The Israel Pavilion at Dubai Expo 2020.
The Israel Pavilion at Dubai Expo 2020.
Feature

My unJewish Dubai upbringing

Mia Gardiner talks about growing up in pre-Abraham Accords Dubai and finding her Jewish calling and connection to Israel.

Main image by The Israel Pavilion at Dubai Expo 2020.

To say my Jewish education was poor would be an understatement.

With a Jewish mother and Jewish grandparents who are extremely proud of their heritage, our community and our traditions, it would be fair to assume that I was born into a richly Jewish life, with Pesach celebrations and Chanukah with the family. However, I grew up in Dubai, and this was not the case.

Without any informal or formal Jewish education, I was well behind on general knowledge of the Jewish people, Jewish traditions and Israel – not even knowing what the Holocaust was until I was a teenager.

I think I knew in some abstract sense about Judaism and that I somehow fell under that title; however, it was just a word, holding no weight or meaning.

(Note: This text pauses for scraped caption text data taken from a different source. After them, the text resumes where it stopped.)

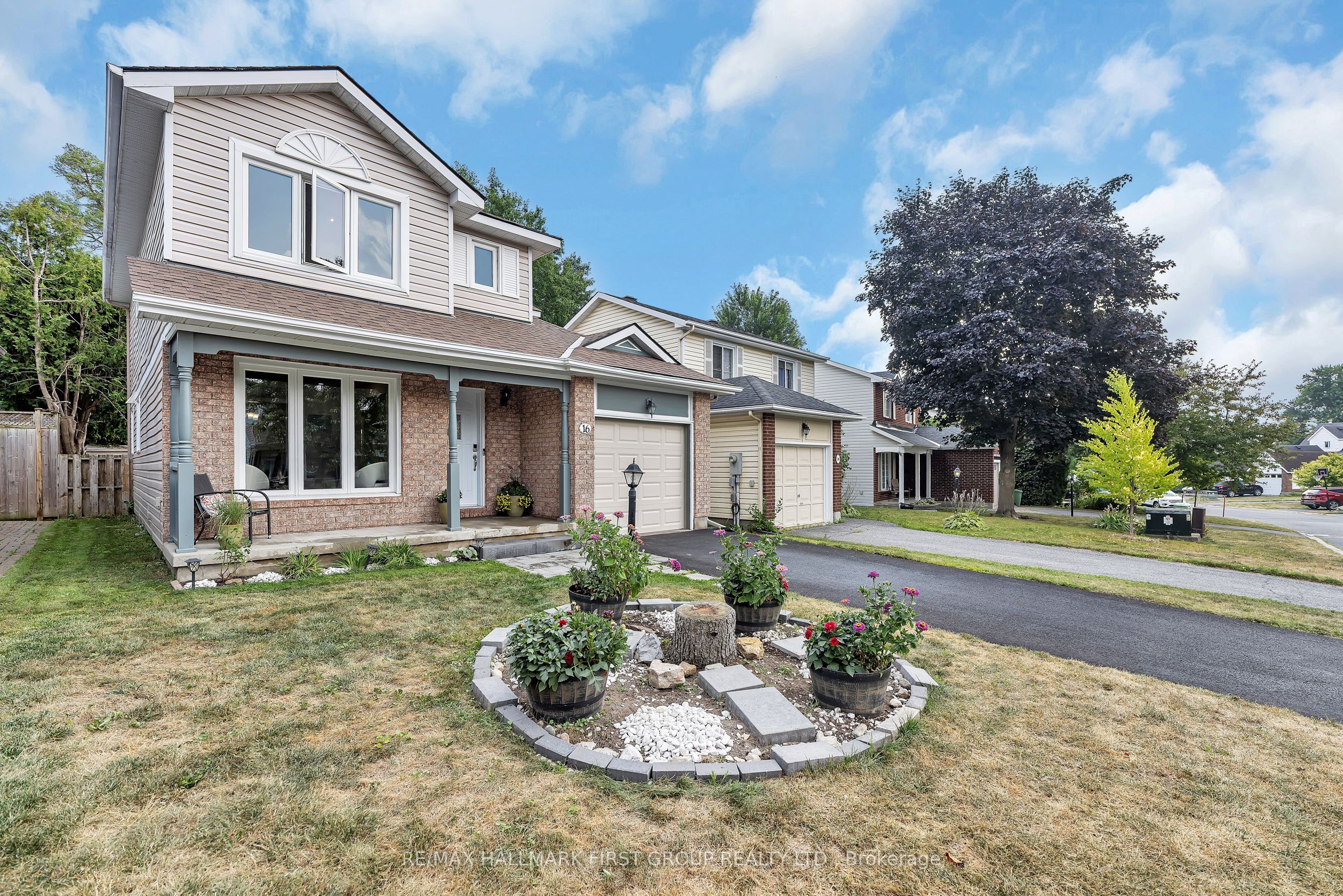 16 Hawley Crescent, Kanata, ON K2M 1T3 photo 3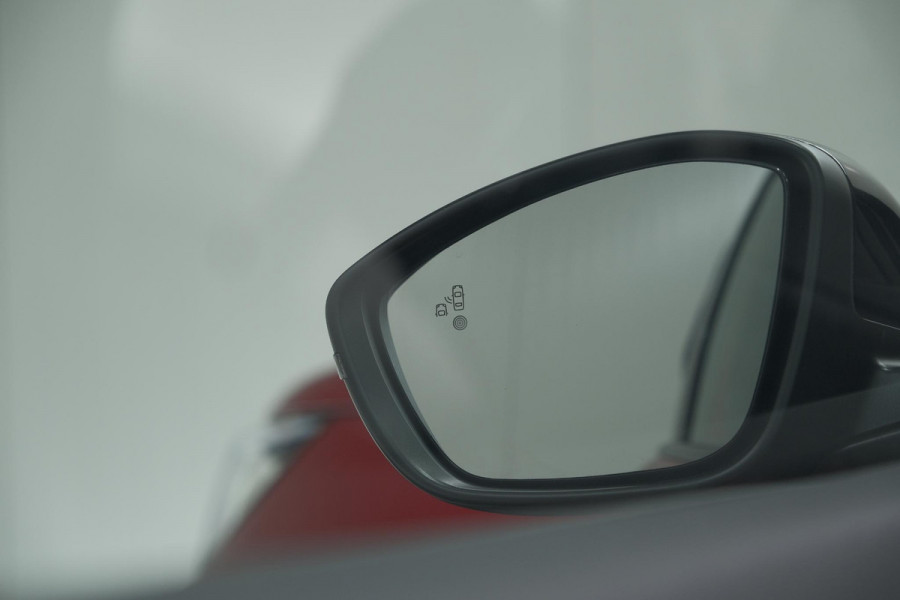 Peugeot 2008 PureTech 130 EAT8 GT | 360 Camera | Stoelmassage | Adaptieve Cruise Control | Dodehoekdetectie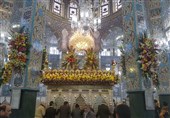 گل‌آرایی حرم حضرت زینب(س) با 20 هزار شاخه گل اهدایی ایران + تصاویر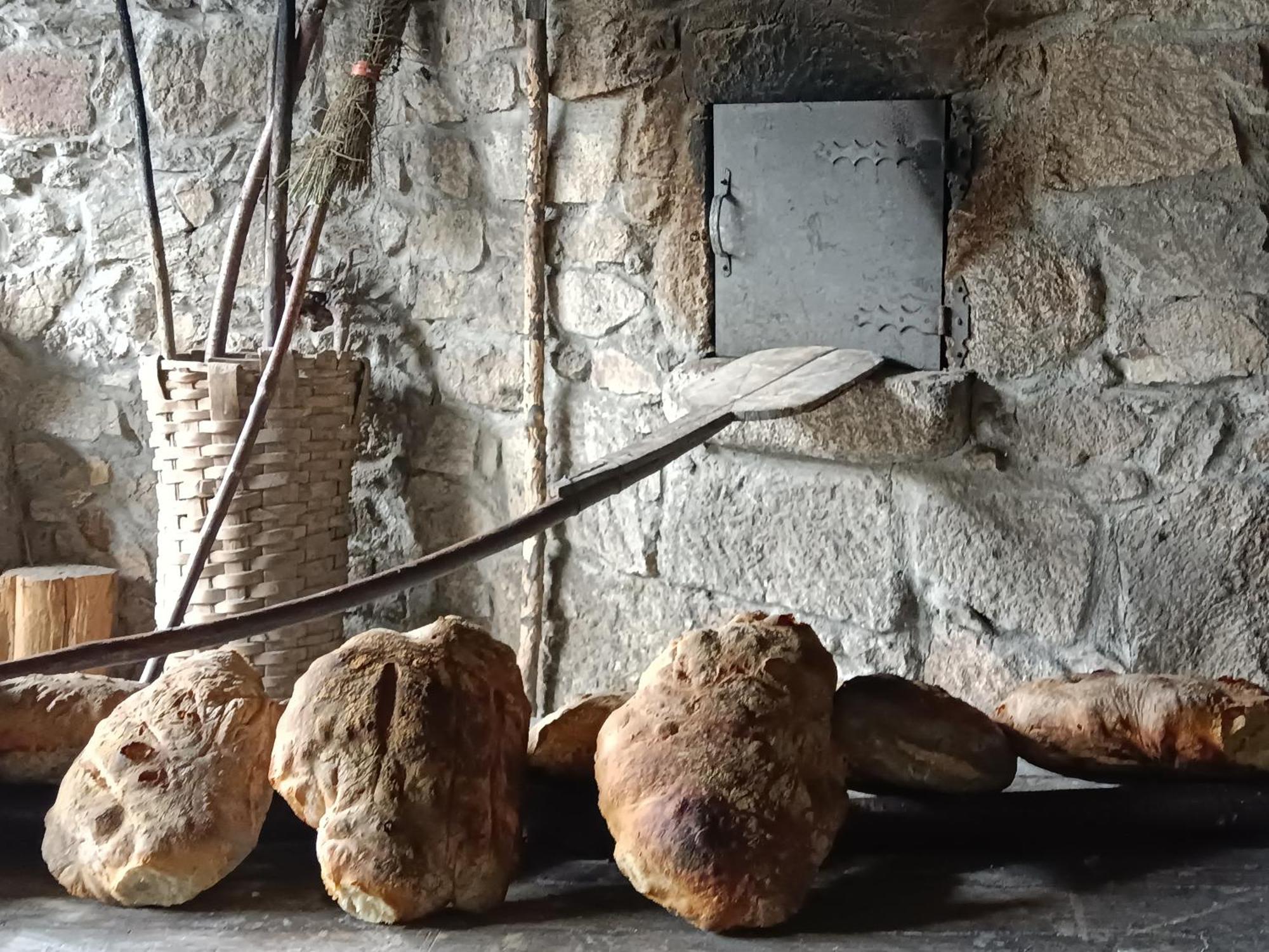 Casa Dos Muros Y Actividades En La Ribeira Sacra *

I was in no way connected to my Jewishness or the Jewish community.

“The kids would buy textbooks and atlases and all kinds of stuff, and we used to have to go through with a black marker pen and cross Israel off the map, rub the Israeli flag out.”

I didn’t know any other Jewish people in the whole city, all of us afraid of the consequences and repercussions of outwardly celebrating who we were. As the years ticked over in Dubai I think I lost more and more of that part of me. In saying that, my childhood was rich and full in many other ways, making a myriad of friends from all over the world, experiencing different cultures and helping me to be a better and more open-minded person, and having the opportunity to travel all over the world from Dubai’s very central and accessible location.

The main thing about my upbringing that surprises people is that I didn’t know about the Holocaust until my teen years. As a Jewish person this is shocking. When the Second World War was taught in British curriculum schools like mine, there was absolutely no mention of the Shoah and the atrocities that befell the Jewish people, or the other minority groups that were persecuted.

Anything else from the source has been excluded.